Such was the case this past weekend when my best friend, Haley, stopped by to help me unpack my new house. Haley is a graduate student, pursuing a master’s in interpersonal communication, and is a much smarter version of myself.

We got to talking about what was on tap for Haley’s final semester and she told me about a workshop she’s creating for the graduate school on the topic of how using planners/calendars helps with time management. The girl has an affinity for pen-to-paper planners, and has created an organizational structure for her daily life through their use.

Naturally, I thought, “hey, sometimes I attempt to give people advice on time management and planning, let’s bounce some ideas off of each other.” Haley then gave me a rundown of the bullet points she’s planning on covering for her interactive workshop.

1) Take everything as it comes. As a new task pops up, put it down on your calendar (whether paper or electronic) so that you don’t forget to do it later.

2) With these tasks, schedule deadlines for yourself. It can be tough to be self-motivate and have tasks completed by your own assignment. However, putting them down in writing will help you stick to them.

Only work on something if you’re being productive. If you stop being productive, you should take a step back and work on something else for a while,” says Haley. “This is why my personal deadlines help because it makes me work harder but I still have my own time.”

3) Schedule out your week starting with events that you cannot change. Start by writing down your work schedule, then appointments, meetings, etc. Then schedule in tasks that have more flexibility in time.

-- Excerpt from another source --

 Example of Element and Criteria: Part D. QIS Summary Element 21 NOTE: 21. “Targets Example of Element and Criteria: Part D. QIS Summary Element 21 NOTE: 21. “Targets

4) After doing this, take all of these tasks and prioritize what must be completed first and assess how much time each task will take. Be sure to give yourself an appropriate amount of time for each task.

5) For bigger projects, considering breaking them down a bit. “For bigger projects I break it down into steps, normally using a concept map to understand the core aspects of my task and what needs to be accomplished within each of those to make it more digestible,” says Haley. “Once I have the pieces, I place the pieces into my weekly schedule of events I cannot change.”

All of the pieces of this puzzle come together to create a calendar that will help you juggle every aspect of your life and boost your productivity. By implementing these ideas in my own planning, it has definitely helped me to become more of a self-starter.